### WORK TASK:
From the listing below, give again exactly the lines from the line with "75-6081 Alii Dr" to the line with "white scarf with", ends included, without any pictures.

### SOURCE RECORDS:
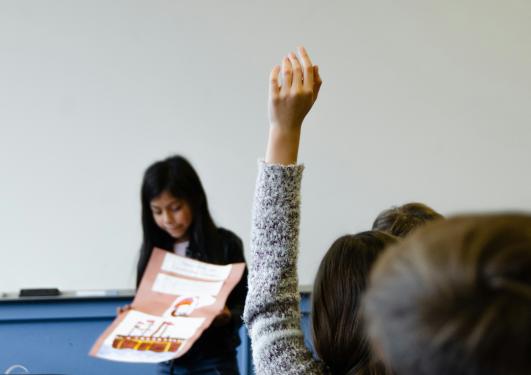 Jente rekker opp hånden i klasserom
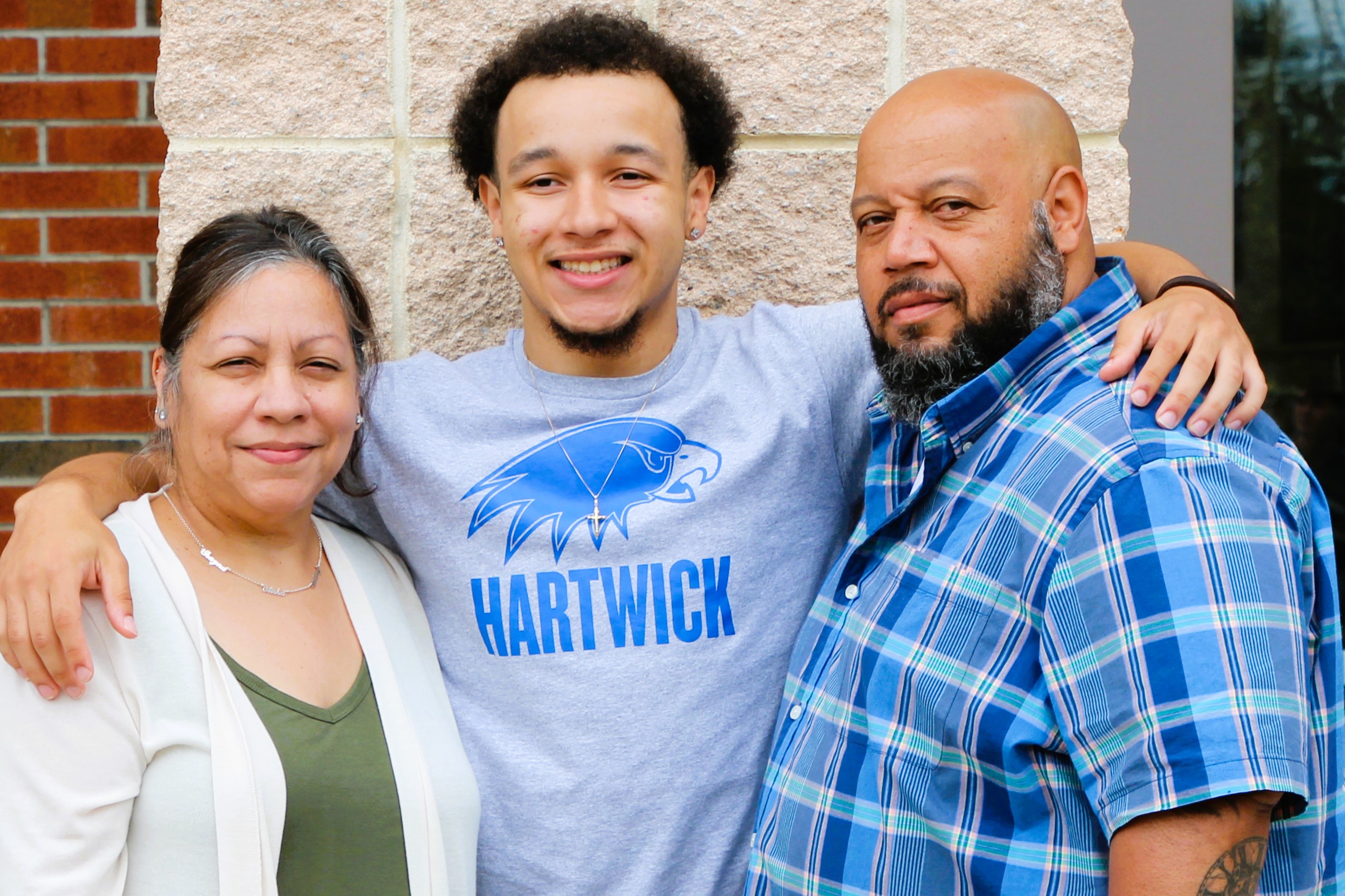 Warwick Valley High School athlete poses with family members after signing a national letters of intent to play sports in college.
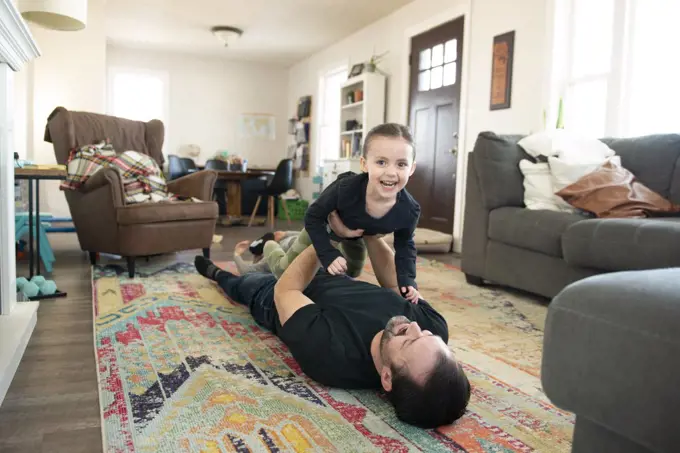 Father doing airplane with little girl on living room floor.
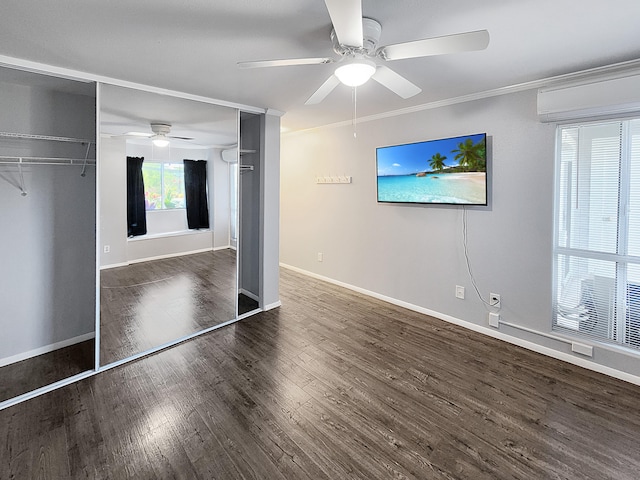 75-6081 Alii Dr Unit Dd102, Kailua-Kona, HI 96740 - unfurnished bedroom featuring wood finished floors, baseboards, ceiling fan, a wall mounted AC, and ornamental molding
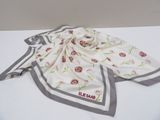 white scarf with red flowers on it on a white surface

* * *

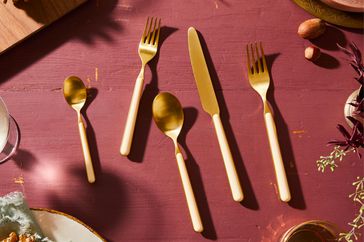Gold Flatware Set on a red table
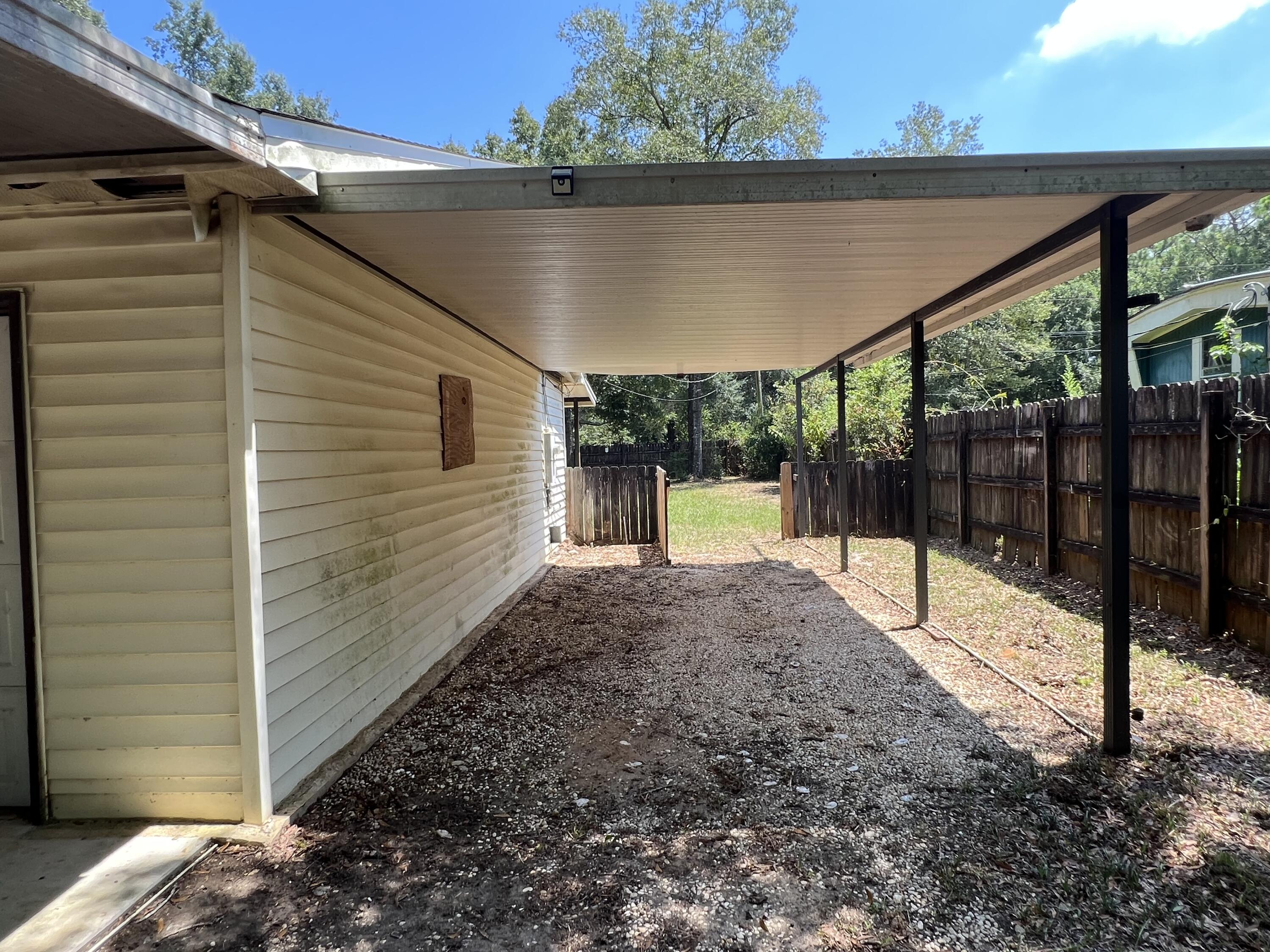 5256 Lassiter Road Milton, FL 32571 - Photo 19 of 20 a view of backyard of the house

### RESULT OF THIS EXERCISE:
 75-6081 Alii Dr Unit Dd102, Kailua-Kona, HI 96740 - unfurnished bedroom featuring wood finished floors, baseboards, ceiling fan, a wall mounted AC, and ornamental molding
 white scarf with red flowers on it on a white surface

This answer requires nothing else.